_RECORDS FOR THIS TASK_.

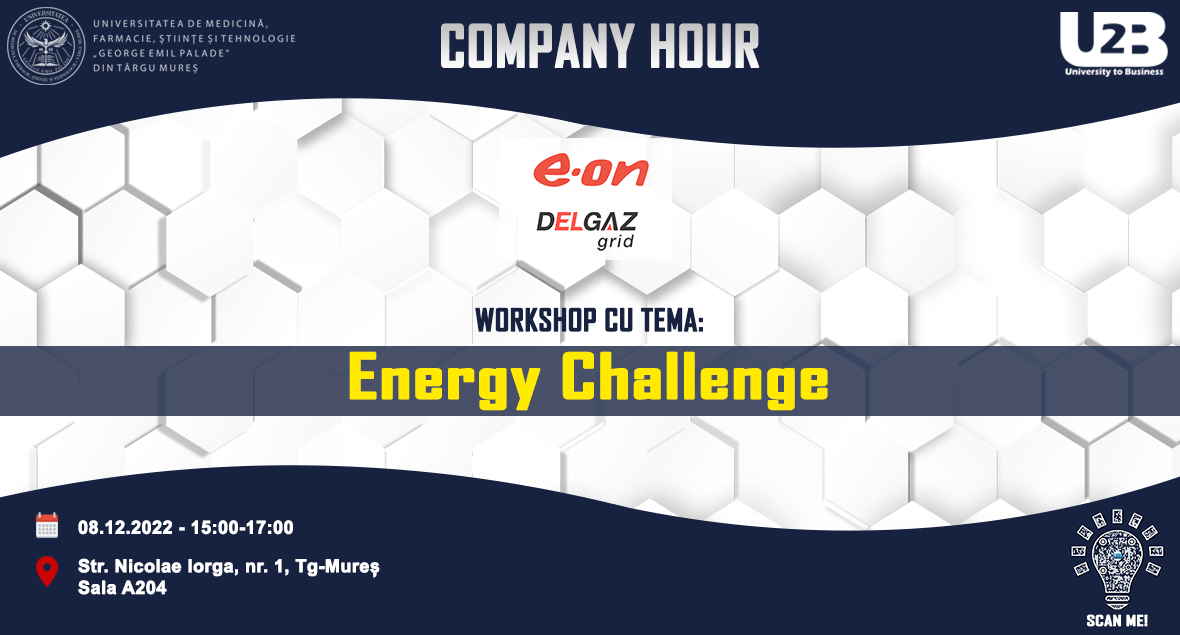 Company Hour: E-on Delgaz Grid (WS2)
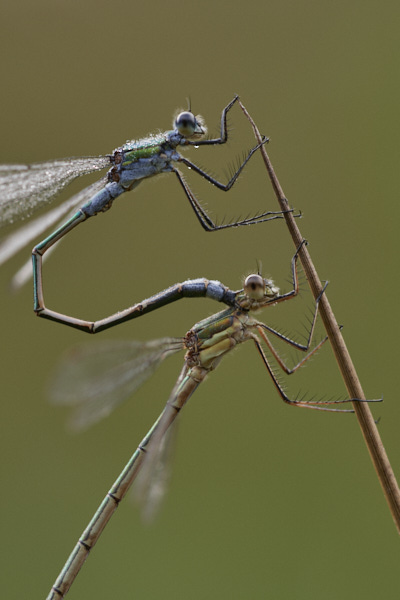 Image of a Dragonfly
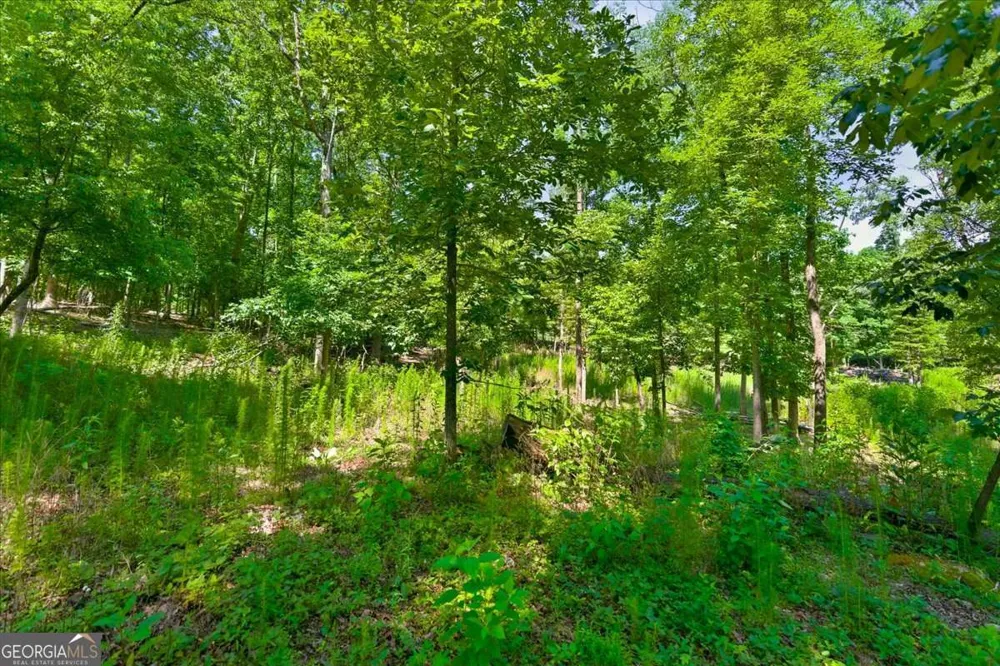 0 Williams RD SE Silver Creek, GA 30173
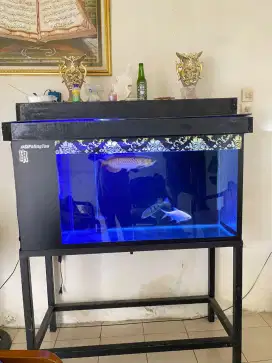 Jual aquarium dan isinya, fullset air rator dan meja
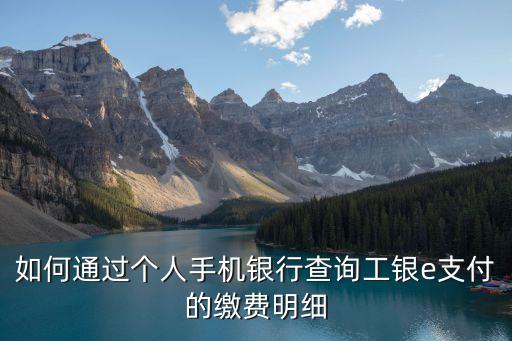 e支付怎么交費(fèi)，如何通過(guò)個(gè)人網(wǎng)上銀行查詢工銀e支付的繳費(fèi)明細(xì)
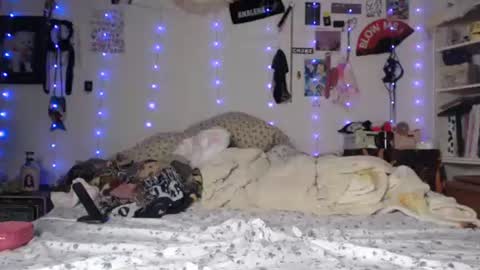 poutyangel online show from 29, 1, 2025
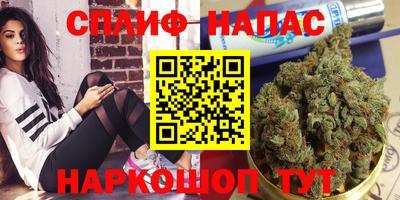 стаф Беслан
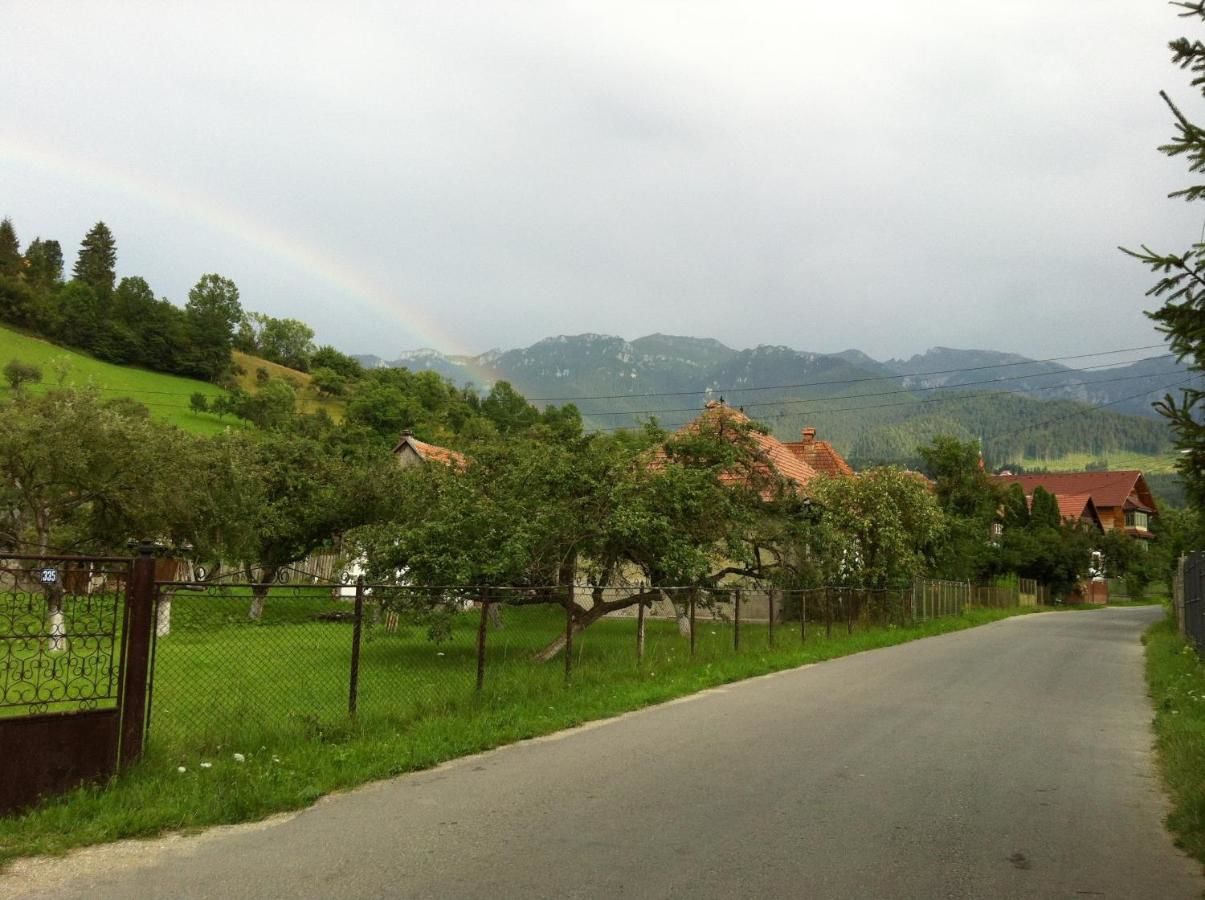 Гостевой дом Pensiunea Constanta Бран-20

* * *

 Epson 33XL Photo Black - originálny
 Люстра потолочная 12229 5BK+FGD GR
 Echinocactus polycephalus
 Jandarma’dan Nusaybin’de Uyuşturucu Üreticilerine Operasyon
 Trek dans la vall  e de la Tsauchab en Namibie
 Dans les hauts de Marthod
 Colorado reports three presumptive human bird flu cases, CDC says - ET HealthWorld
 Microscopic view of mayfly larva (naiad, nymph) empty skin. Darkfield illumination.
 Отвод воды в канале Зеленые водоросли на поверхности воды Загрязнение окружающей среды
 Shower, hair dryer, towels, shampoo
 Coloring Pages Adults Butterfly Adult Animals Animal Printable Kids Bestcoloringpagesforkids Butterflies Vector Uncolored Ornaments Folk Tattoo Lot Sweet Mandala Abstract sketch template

* * *

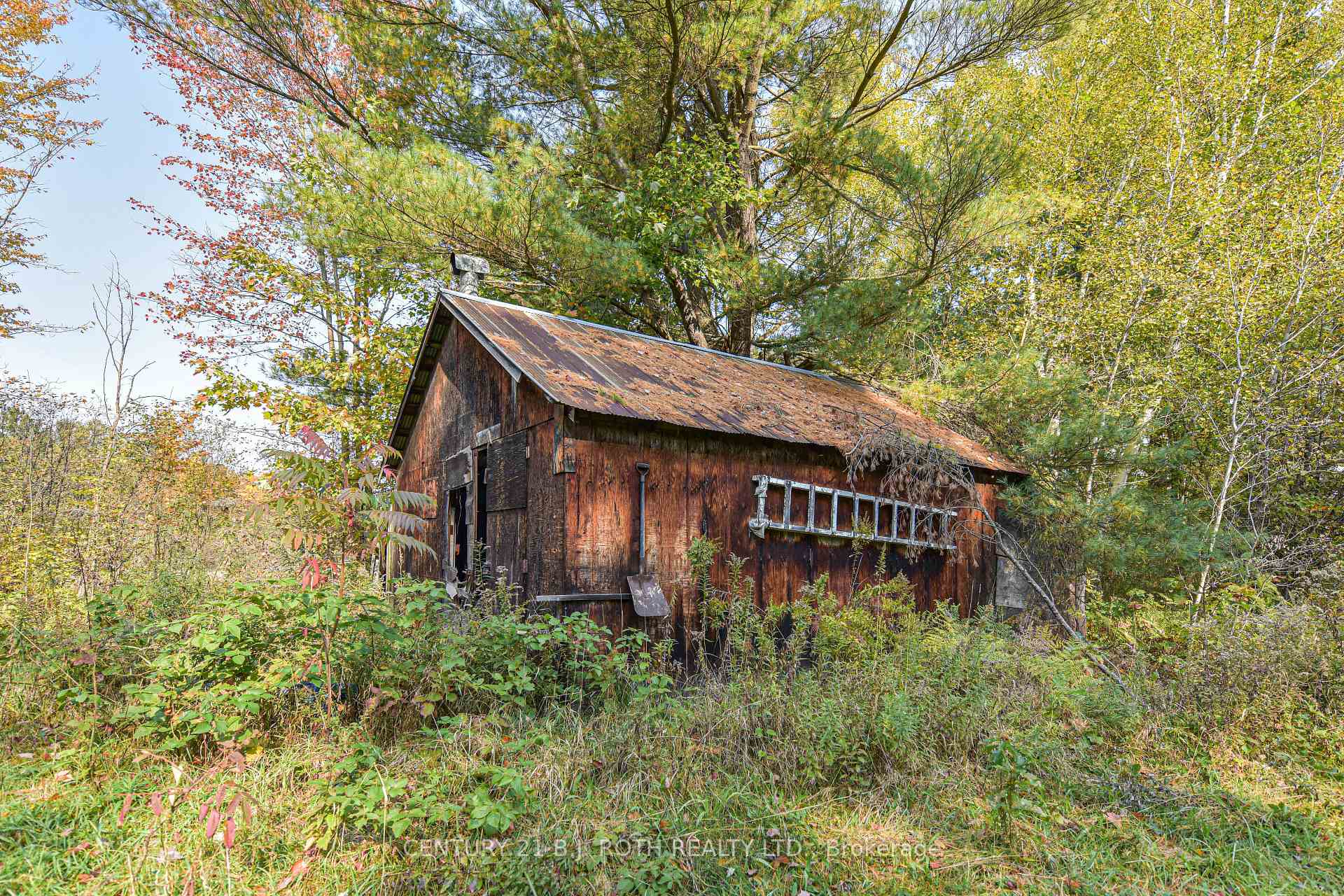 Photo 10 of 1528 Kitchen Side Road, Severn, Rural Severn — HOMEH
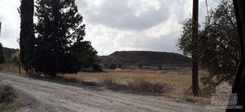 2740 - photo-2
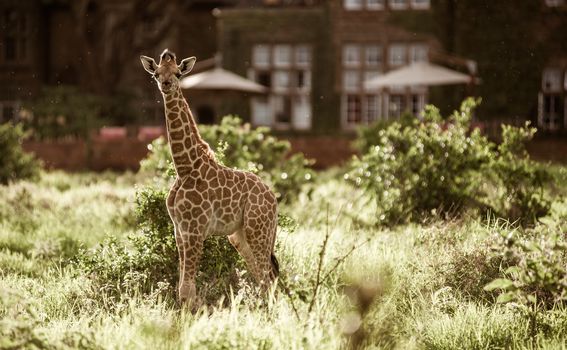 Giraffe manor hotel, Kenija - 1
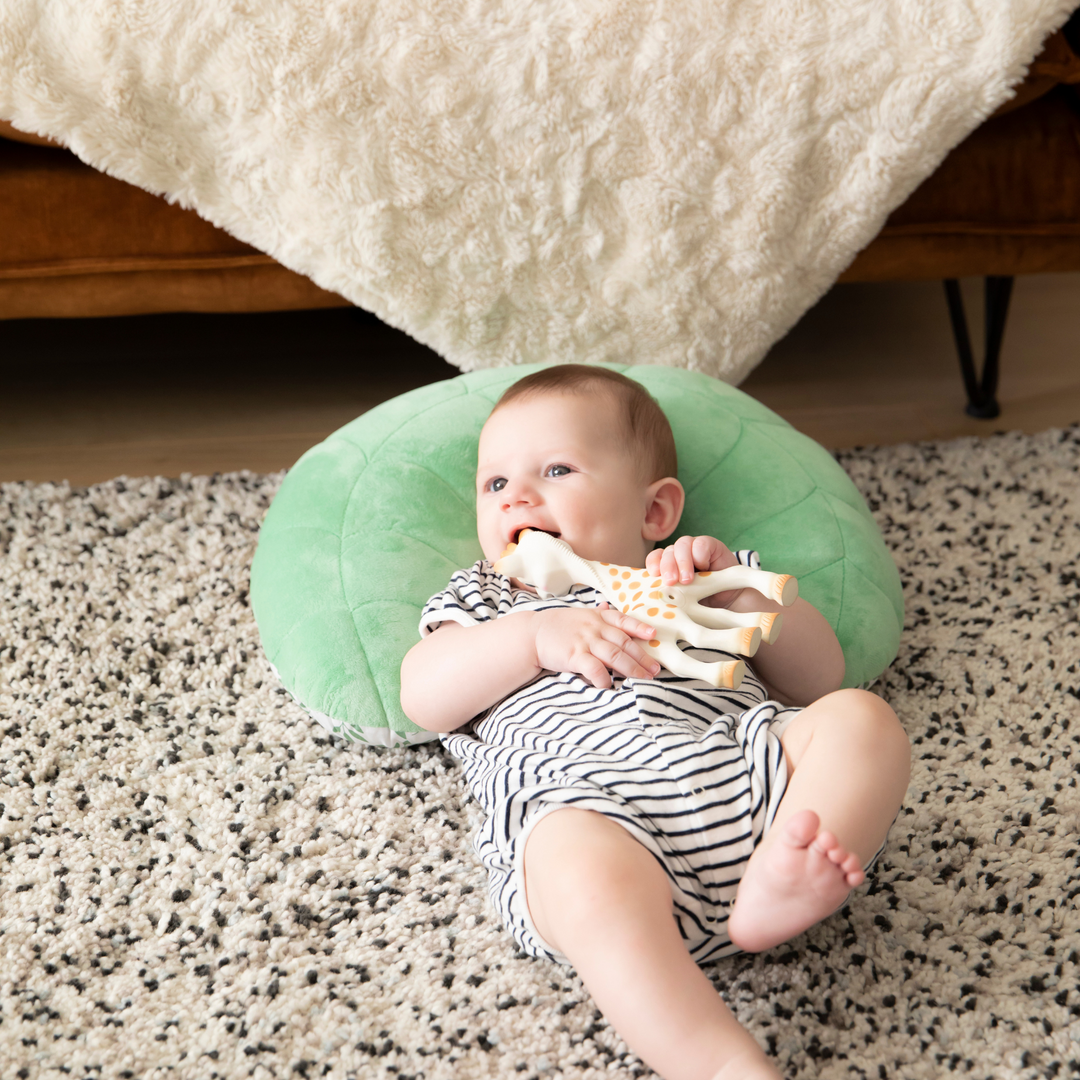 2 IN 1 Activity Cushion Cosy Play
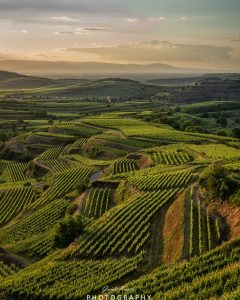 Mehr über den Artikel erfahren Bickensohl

_WHAT THIS TASK INVOLVES_. Print exactly the lines above that run from the one with "Company Hour: E-on Delgaz Grid (WS2)" to the one with "Гостевой дом Pensiunea Constanta Бран-20", both included. No pictures.

_SOLUTION_.
 Company Hour: E-on Delgaz Grid (WS2)
 Image of a Dragonfly
 0 Williams RD SE Silver Creek, GA 30173
 Jual aquarium dan isinya, fullset air rator dan meja
 e支付怎么交費(fèi)，如何通過(guò)個(gè)人網(wǎng)上銀行查詢工銀e支付的繳費(fèi)明細(xì)
 poutyangel online show from 29, 1, 2025
 стаф Беслан
 Гостевой дом Pensiunea Constanta Бран-20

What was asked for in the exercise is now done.